Azerbaijanis End Strike, Say Most Of Demands Met

Posted: September 12, 1989

MOSCOW — Workers in the Soviet republic of Azerbaijan ended a week-long strike yesterday that had been called by the Azerbaijanis as part of a long-running ethnic struggle for control of the disputed territory of Nagorno-Karabakh.

Leaders of the Azerbaijan People's Front, a nationalist group that called a republic-wide strike more than a week ago, said on television Sunday night that most of their political demands had been met, local activists and journalists said.

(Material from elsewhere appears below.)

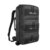 Medizinischer Rucksack Modular Medic Combat 18 Tasmanian Tiger®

The People's Front will be officially recognized and allowed to speak at a special session of the republic's Supreme Soviet legislature on Friday, group spokesman Ekhtibar Mamedov said.

The legislature is to address the strikers' main demand, the return of the disputed territory of Nagorno-Karabakh to Azerbaijani control, Mamedov said, speaking by phone from Azerbaijan's capital, Baku.

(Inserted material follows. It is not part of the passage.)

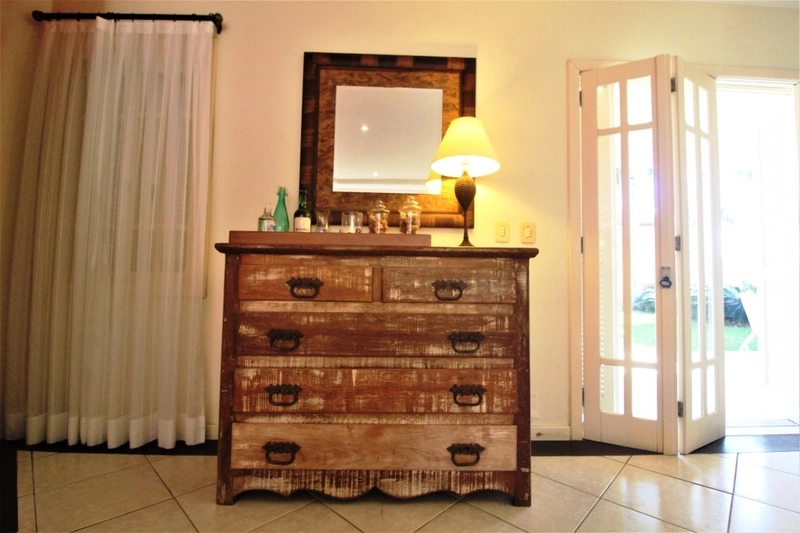 Casa com 4 dormitórios em Atlântida.: 13ª foto da galeria de imagens do imóvel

Armenians and Azerbaijanis have been locked in a dispute over the mountainous enclave of Nagorno-Karabakh for more than 18 months. The conflict has cost 100 lives and forced thousands to flee their homes.

Nagorno-Karabakh is in Azerbaijan but is inhabited mainly by ethnic Armenians who want the area to be united with neighboring Soviet Armenia. The Popular Front has demanded that the area be returned to full Azerbaijani control.

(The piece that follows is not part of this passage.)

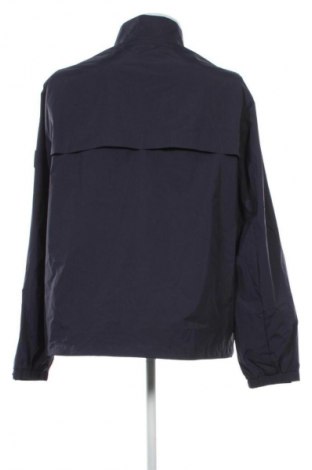 Férfi dzseki Tommy Hilfiger, Méret 3XL, Szín Kék, Ár 39 249 Ft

The Soviet government took the region under its direct control last winter in an attempt to calm the area, but both sides continue to press their claims to it.

Armenians in Nagorno-Karabakh have appealed to the United Nations to send troops if necessary to guarantee their security, an Armenian journalist said Saturday.

Azerbaijan's idled railroads resumed operating yesterday, and workers at all enterprises went back to work, journalist Nazim Ragimov said from Baku.